Friday, 9 March 2012


Paula Rawsthorne shares her experience of researching her second novel.

Of all the aspects of novel writing, research may not immediately spring to mind as being  the most enjoyable.  However, my experience of researching my new novel has been exciting, as well as being tough, emotional and thought provoking.  The process of doing my research has also had a fringe benefit of making me feel all glowy towards my fellow human beings, who have been so very kind and generous in helping me.

My novel (that I’m still busily working on), is another stand- alone thriller.  I love writing this genre because I enjoy trying to create a combination of complex, engaging characters and twisting, turning stories.   My stories require research as, even though they are fiction, I want what happens in them to be within the realms of possibility.  Also, even though I don’t specify where my novel takes place, I want my settings to feel authentic and real.   Sometimes this can involve leg work and I’ll visit a location and soak up the atmosphere (unfortunately, my story isn’t set in the Bahamas- maybe next time).

However, as you know, much research can be done without any travel or even human interaction.  Much of it is just between you and the internet, or books, or journals.  I find that even this can be exciting (or maybe I'm just over-excitable) as you uncover layer after layer of information and are sent down paths that you’d never contemplated. 

Of course, it’s very easy to get carried away with research and spend far too much time on it instead of actually writing your story.  Also, you must be careful how you use all that lovely information.  As a reader, the last thing you want to do is to plough through swathes of information in a work of fiction; so, as a writer, you have to make sure that what you include is essential to the narrative and is weaved into the action.  You may have spent ages on your research but you must be disciplined enough to know what to omit.
The kind of research I enjoy undertaking most of all is approaching experts in particular fields and  pumping them for information.

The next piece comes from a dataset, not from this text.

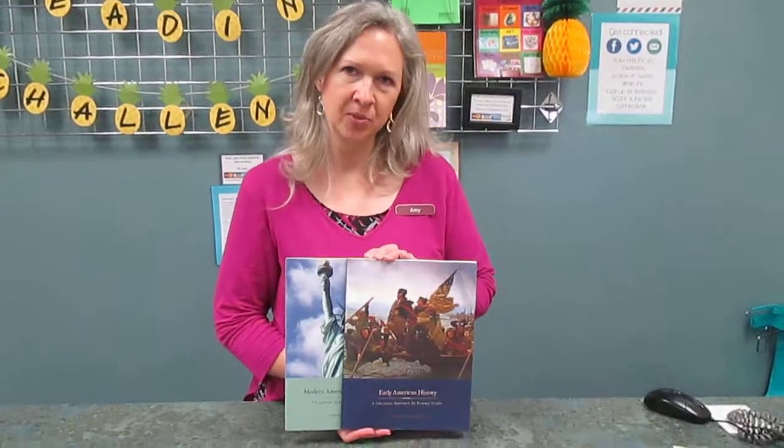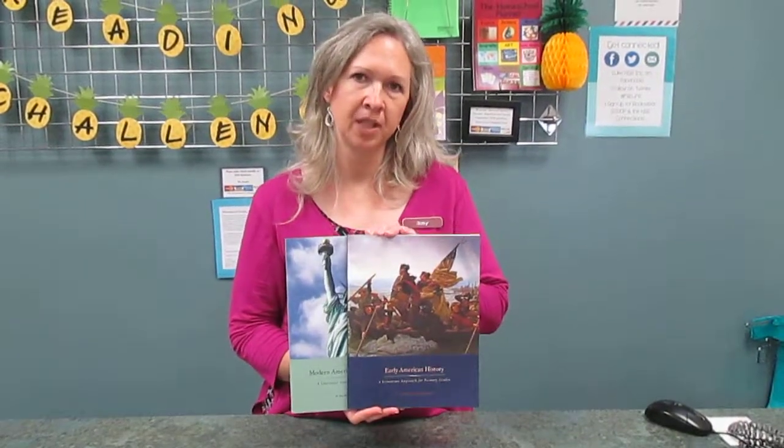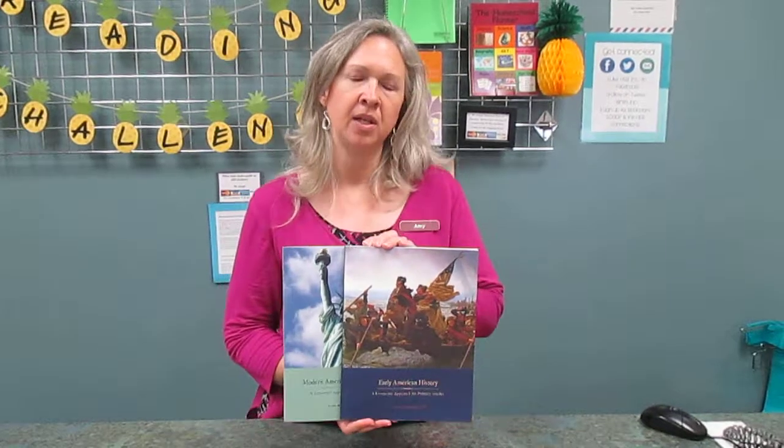Hi, this is Amy at the HSB Bookstore. This is Beautiful Feet Curriculum. We use this for our history, and we chose it for our family this year because we like the literature-based content, and we have all the books that are required for it here at the HSB Bookstore.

I’ve found that people have been incredibly generous with their time and gone out of their way to help me.   I’m lucky to have friends in all walks of life and they were great at providing me with facts in their areas of expertise.  Although I researched extensively for my first book, The Truth about Celia Frost, with my second book, I've felt more confident about approaching experts that I don’t know, and asking them for information.

My latest novel has involved talking to coroners, sailors, doctors, police, runners, dockers and professors in America who are experts in a field that I can’t divulge (because it will give too much away).  I’ve found it fascinating and their insider views and knowledge have been invaluable.  For instance, I’ve now seen first-hand, what happens in a coroner’s court and behind the scenes - you may be able to see this kind of thing on T.V., but there is no substitute for feeling the emotion of being there. 

I’m so grateful that all these very busy people have been so patient with my specific (and often bizarre) questions.  People have taken me through procedures, sent me academic papers, drawn me diagrams and even stood up and demonstrated things.   I told one poor expert that I needed ten minutes of his time and nearly two hours later I was still interrogating him in my kitchen! 

I can’t thank them enough for all their input and I hope that they will feel that I’ve put it to effective use in my new thriller.
So, as a writer, what aspect of research do you most enjoy?

As a reader, have you read any works of fiction were the research has blown you away or, alternatively, been overbearing?


  1. Very interesting post, Paula (and now I really want to read your next book!). I find there's a real balancing act to do with research - too much, and my story feels swamped. Maybe it's because I'm still reminding myself that I'm not wrting as a journalist.

  2. This is a great post. I LOVE doing research, particularly, finding those small details that can make all the difference to a narrative, lifting it off the page. A lot of my research won't make it in but will inform my writing. It means I can talk about something with authority.
    Can't wait to read the new book, it sounds fascinating.

  3. Research isn't my first love, but when the topic is right I can certainly get carried away with it. Like Paula, I have been constantly amazed by the generosity of others. I think most experts are flattered and excited to talk about a subject they've spent their life pursuing. I've corresponded with geologists, nuclear scientists and doctors on my next book. I even found a man and his wife who agreed to take me on a guided hike of the mountains around Las Vegas -- in 100 degree heat no less. I think talking to experts can really bring a story to life. Your questions can lead to more questions and really interesting asides that sometimes end up playing a more major role in book. Good luck on your book, Paula!